I.        Le jugement

II.       imputation des frais nécessaires au débiteur

A.      recouvrement d’une créance justifiée

B.       frais nécessaires à compter de la mise en demeure

III.      L'ARTICLE 700 NCPC

IV.      OCTROI DE DÉLAIS DE PAIEMENT

 

 

 

L’exécution elle-même du jugement n’exige du syndic que la surveillance des diligences de l’huissier chargé de l’exécution forcée, lorsqu’elle s’avère nécessaire. Nous traitons néanmoins ici trois difficultés récurrentes auxquelles peuvent être confrontés les syndics :

 

·        l’imputation légale des frais nécessaires au débiteur (réforme SRU)

·        l'application de l'article 700 NCPC

·        l'octroi de délais de paiement au copropriétaire débiteur

I.               Le jugement

Dans le cas classique d’une décision rendue après une audience de plaidoiries, le jugement comporte essentiellement la motivation puis le dispositif. Cette dernière partie indique

- Soit que le syndicat est déclaré irrecevable ou mal fondé en sa demande

- Soit que la demande est recevable et bien (ou partiellement) fondée.

Dans ce cas, le jugement précise les condamnations prononcées au titre :

- Du principal de la demande (les charges dues)

- Des intérêts

- De l’indemnité sollicitée en vertu de l’article 700 NCPC

- Des dommages et intérêts

- Des frais et dépens

Le tribunal statue également, s’il y a lieu, sur les modalités d’application de l’article L 10-1 (voir ci-dessous)

Si le jugement est susceptible d’appel, le Tribunal peut en outre accorder pour tout ou partie de la demande l’exécution provisoire.

 

A la suite du jugement le débiteur peut prendre l’initiative de régler tout ou partie des condamnations prononcées contre lui. Ce faisant, il conserve néanmoins le bénéfice des recours possibles, soit l’appel, soit le pourvoi en cassation. C’est pourquoi il est souvent opportun de faire signifier un jugement obtenu par le syndicat lorsque l’intérêt du litige n’est pas limité à la somme réclamée mais porte également, de manière implicite ou explicite, sur une question juridique (un problème de répartition des charges par exemple). La signification fait en effet courir les délais de recours. Ces délais étant expirés, on peut considérer que le litige est éteint. Cette question doit être examinée avec l’avocat du syndicat.

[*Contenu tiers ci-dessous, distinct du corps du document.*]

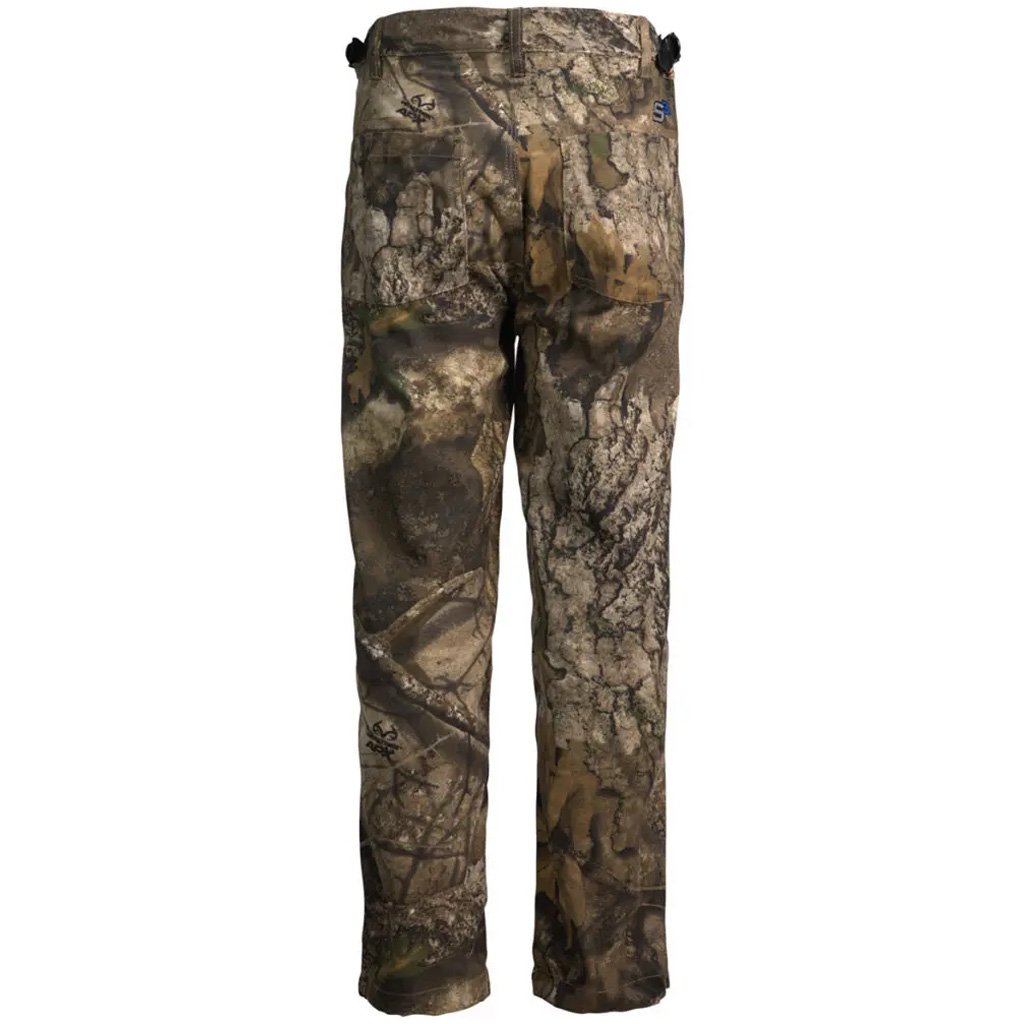 1409967_2.jpg Blocker Youth Fused Cotton Field Pant RT APX Youth Small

Si le débiteur condamné ne s’exécute pas, il est nécessaire de procéder à l’exécution forcée. Le soin en est confié à un huissier qui, après expiration du délai d’appel, s’il y a lieu, délivrera commandement de payer et mettra en œuvre les mesures d’exécution à déterminer en fonction de la situation du débiteur, de l’importance de la somme due et des indications complémentaires fournies par le syndic. La mission du syndic est alors de surveiller périodiquement l’évolution du dossier et la remise par l’huissier des acomptes qu’il aura reçus.

En principe, le syndic ne doit pas accepter de recevoir directement du débiteur des sommes venant en compte sur une condamnation dont l’exécution est en cours. S’il le fait, ou si des versements sont faits à ce titre par virement, le syndic doit informer sans délai l’huissier en précisant le montant payé et la date du paiement.

Lorsque les sommes dues ont été intégralement payées, l’huissier adresse au syndic un décompte détaillé, accompagné du règlement du solde revenant au syndicat. C’est au vu de ce décompte que le syndic doit passer les écritures comptables générées par la procédure. C’est opération exige un soin particulier.

II.             imputation des frais nécessaires au débiteur

Le recouvrement des charges impayées impose au syndicat des frais dont le montant n’est pas négligeable. Le syndicat peut se trouver dans l’impossibilité d’en effectuer l’avance. On se trouve alors confronté à une paralysie totale du mécanisme syndical.

La croissance constante du nombre des procédures de recouvrement et l'importance des frais qui en résultent pour les syndicats pose un problème éthique et financier qui ne saurait être éludé. Aux abus qui ont pu être constatés dans le passé dans l'utilisation des clauses d'aggravation des charges a répondu une interprétation rigoureuse des dispositions de la Loi du 9 juillet 1991. L'imputation au responsable d'une aggravation quelconque des charges communes est un principe fondamental du droit des institutions collectives sans but lucratif, corollaire de l'obligation de participer de bonne foi à la gestion commune. Si l'on peut admettre qu'un commerçant doit intégrer dans ses prévisions les risques relatifs d'impayés, il ne saurait en être de même des dommages subis par une association ou une institution assimilée du fait de l'un de ses membres.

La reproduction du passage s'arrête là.